**WORK INSTRUCTIONS:** Each record below should be returned word for word, with no pictures included.

**Pictures with short captions:**
== Segment start ==

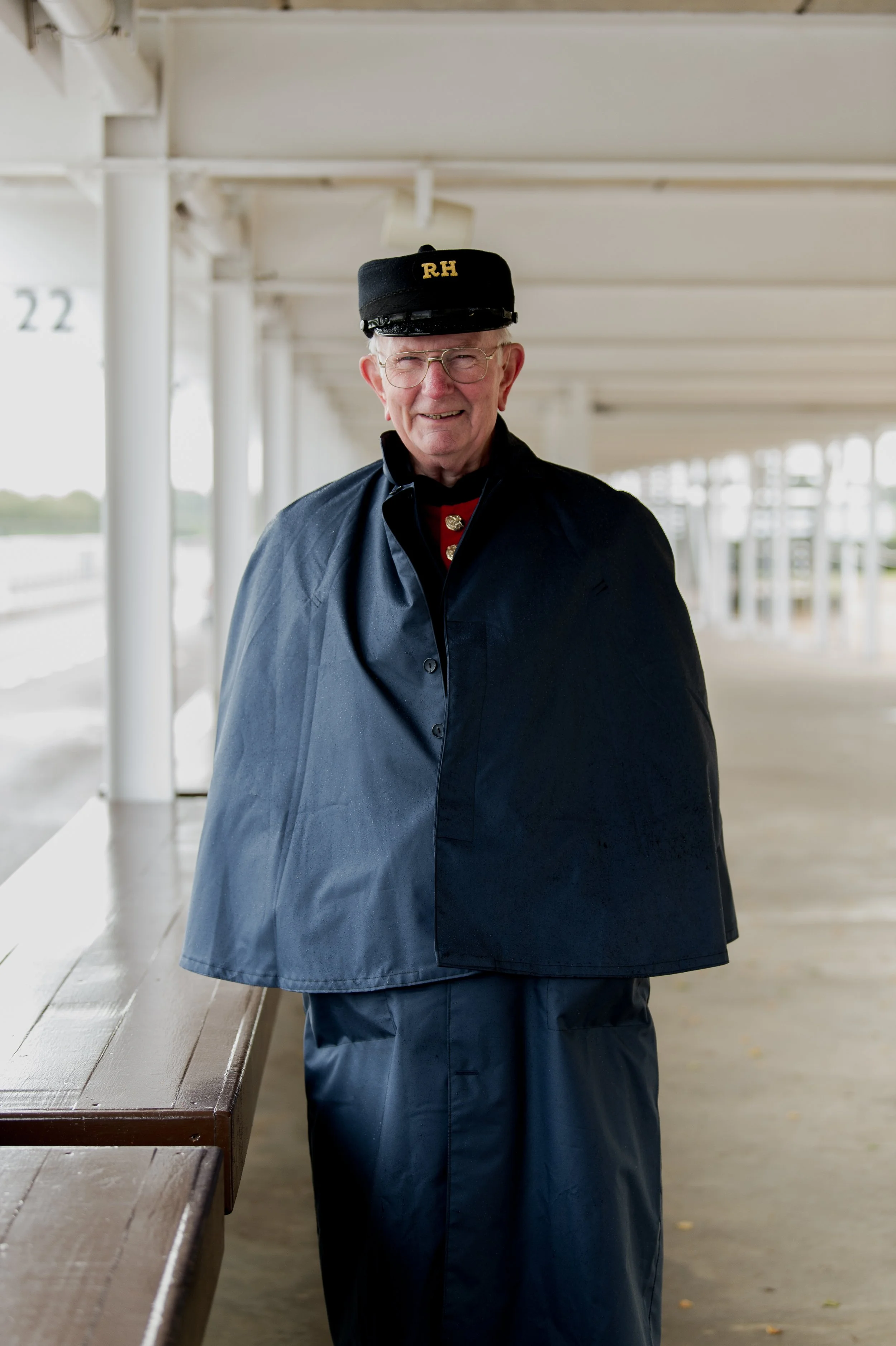 Elderly man in navy blue uniform with 'RH' on cap, standing in covered walkway.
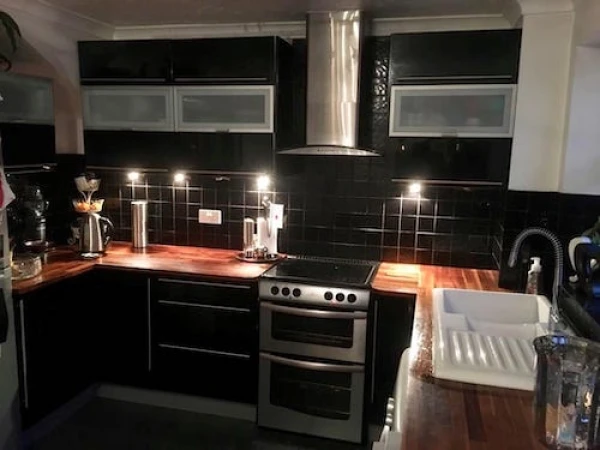 Before image of a kitchen with black cabinets, featuring a dated design and layout prior to a modern transformation.
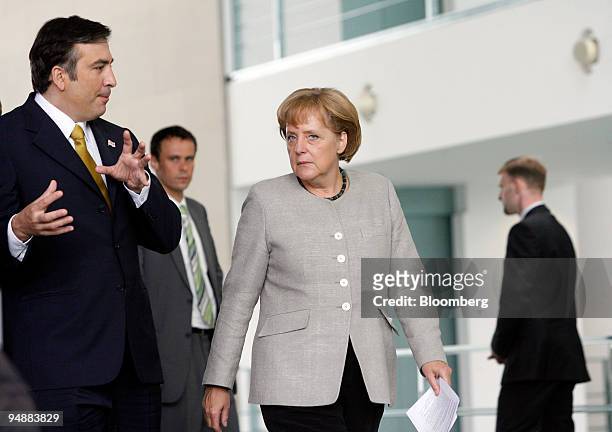 Mikheil Saakashvili, Georgia's president, left, speaks to Angela Merkel, Germany's chancellor, left, as they arrive for a news conference in Berlin,...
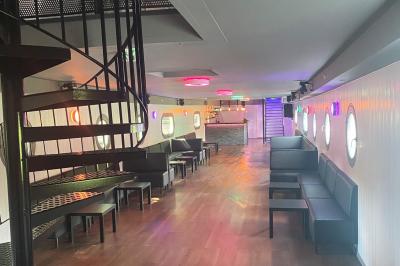 Un parc verdoyant avec des arbres feuillus et une allée ensoleillée menant à un bâtiment blanc au loin.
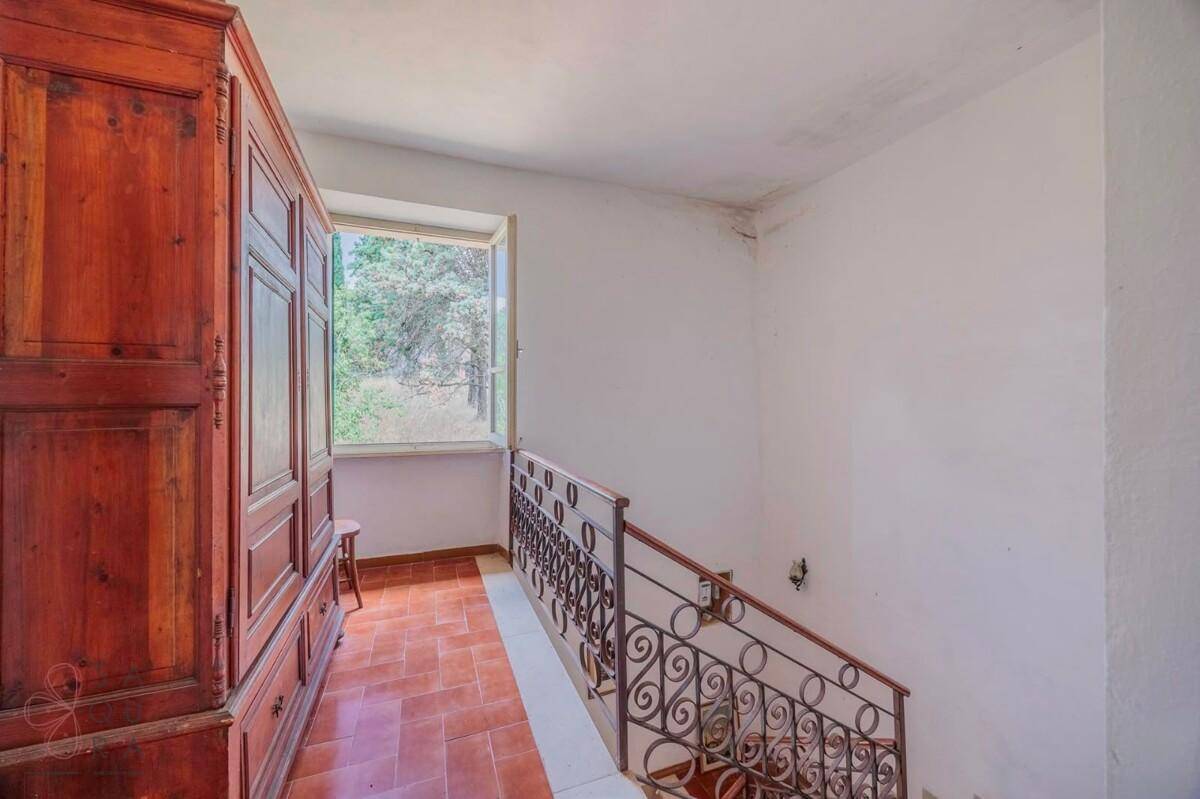 Oberer Flur mit großem Holzschrank, Terrakottafliesen und Blick auf die Treppe.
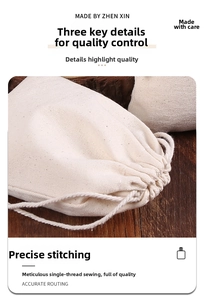 Detailed view of single-needle stitching and drawstring closure on cream canvas pouch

== Segment end ==

**RESULT FOR THIS EXERCISE:**
 Elderly man in navy blue uniform with 'RH' on cap, standing in covered walkway.
 Before image of a kitchen with black cabinets, featuring a dated design and layout prior to a modern transformation.
 Mikheil Saakashvili, Georgia's president, left, speaks to Angela Merkel, Germany's chancellor, left, as they arrive for a news conference in Berlin,...
 Un parc verdoyant avec des arbres feuillus et une allée ensoleillée menant à un bâtiment blanc au loin.
 Oberer Flur mit großem Holzschrank, Terrakottafliesen und Blick auf die Treppe.
 Detailed view of single-needle stitching and drawstring closure on cream canvas pouch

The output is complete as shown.